I agree, and I don’t even know what the damn thing is!
It turns out that the political intelligence industry is something that sprang up as a way to convey inside information to hedge funds and mutual funds. Although it’s illegal to trade on the basis of inside information about public companies, it’s perfectly legal, in most instances, to trade on the basis of inside information about stuff the government does. So these hedge funds and mutual funds (and, to a lesser extent, other Wall Street investors) hire “expert network” companies like Gerson Lehrman, Coleman Research Group, Inc., and Public Insight LP to tell them the latest on what Washington will or won’t do, and when. The expert network firms operate worldwide collecting all kinds of information for investors, but lately they’ve been ramping up their activities in Washington. An Oct. 4 story in the Wall Street Journal reported that the political intelligence industry employs about 2,000 people in D.C. and generates about $100 million in annual revenue, according to Integrity Research Associates LLC, which “evaluates investment-research firms.” The political intelligence industry is sufficiently mature to have spawned another industry to to keep track of it!
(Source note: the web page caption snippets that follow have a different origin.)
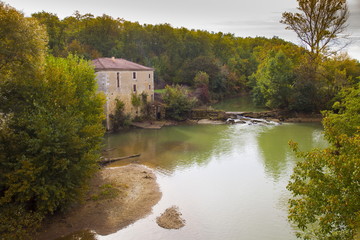 Obraz premium Francia,Guascogna, caasolare su un fiume.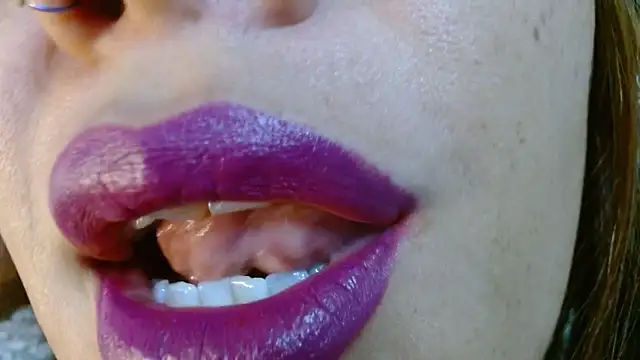 Snapshot of miss_evoleth2 chatting on November 2025 09:25:01 AM miss evoleth2 online show from November 2025 09:25:01 AM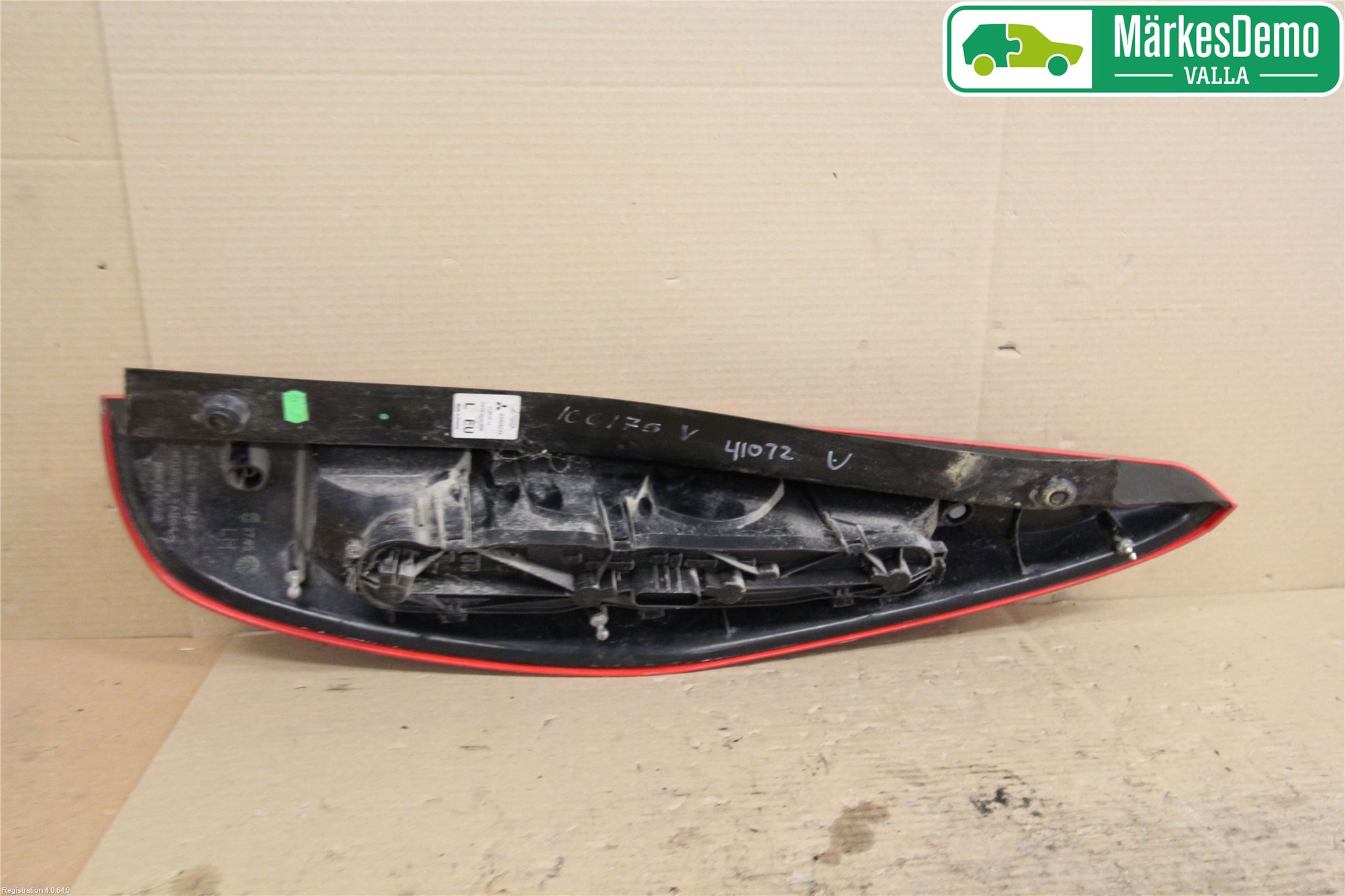 Mitsubishi COLT   04-08 Baklykt Venstre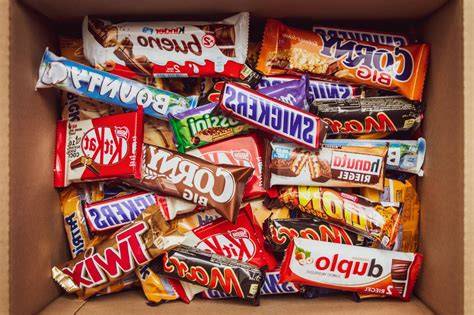 Variedad de chocolates y dulces de diferentes países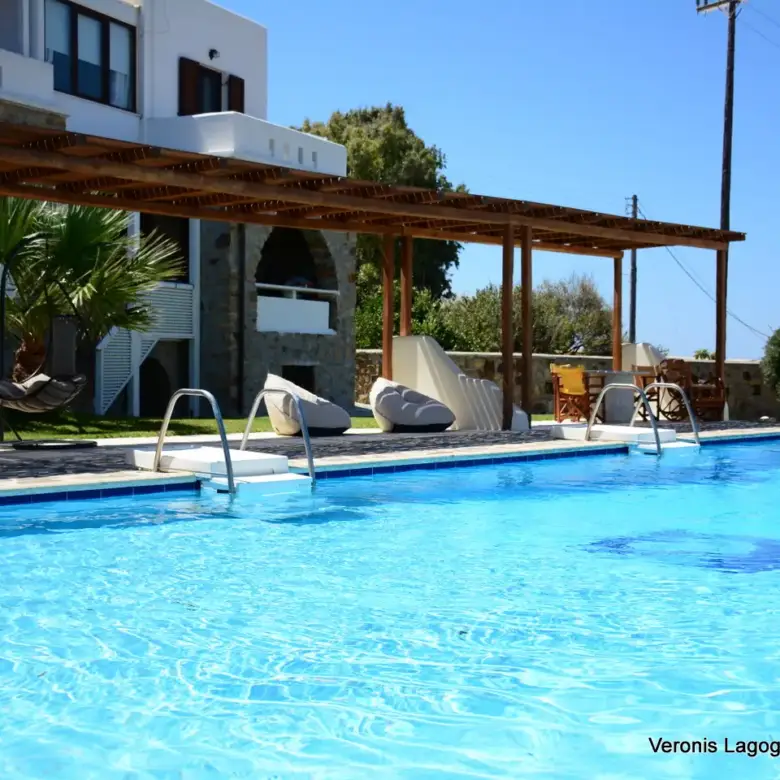 Vivlos Naxos / House of 120m2 / 640641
The Journal piece profiled Paul Equale, a 60 year-old former lobbyist and onetime Energy department official who does some consulting for Gerson Lehrman, the biggest expert-network firm. (Most of Gerson Lehrman’s experts, including Equale, are contractors rather than employees.) Equale bills Gerson $600 an hour for passing along inside information about what the government is up to. “It’s put my kids through college,” he told the Journal. In 2010, for instance, the financial services industry hired him to track a provision in the Dodd-Frank financial-reform law sponsored by Sen. Dick Durbin, D.-Ill., that required Visa and MasterCard to stop ripping off retailers with sky-high fees on debit-card purchases. So Equale paid $1000 to attend a breakfast fundraiser for Senate Majority Leader Harry Reid that Durbin attended. Durbin (who told the Journal he didn’t remember the conversation) told Equale that he’d managed to win support for his amendment from Rep. Barney Frank, D.-Mass., then financial services committee chairman, who had opposed it previously for fear it would hurt small banks. That cleared the path for the Durbin amendment to become law. Equale shared that information with several hedge fund analysts that had hired him through Gerson.
Like a lot of very pricey services in Washington, Equale’s appears in this instance to have been useless, since the markets had already concluded, even without knowledge of Frank’s conversion, that some version of the debit-fee restriction was bound to pass. There is, after all, already a vast corps of journalists in Washington (some of them working for the Journal) who spend all day running around the Capitol trying to find out what’s going to happen to various bills. Many of these journalists are young people working for highly-priced trade publications that collect detailed information on specialized topics of interest. The two main differences between what they do and what Equale does are
a.) What they earn isn’t enough to pay off their own college loans, let alone put their future children through college;
and
b.) Digesting the information they provide requires a hedge fund manager to read, an activity increasingly frowned upon in our culture.
As journalism and the habit of reading decline, it seems entirely possible that political intelligence will develop into a billion-dollar industry. People will still need information about government affairs, after all. But this information may become a luxury commodity for the very rich rather than something ordinary citizens consume by reading newspapers and magazines or listening to the radio or watching the evening news. Demand for all these mediums has dwindled, and the rise of the Internet doesn’t appear to have taken up the slack. Politicians, meanwhile, who after all have limited time on their hands, may increasingly wonder why they should spend any of it talking to a mere reporter when they can talk instead to a political intelligence consultant who just might reward the favor with a fat campaign contribution.
So, yeah, lets figure out a way to keep track of these guys. They may be coming for my job.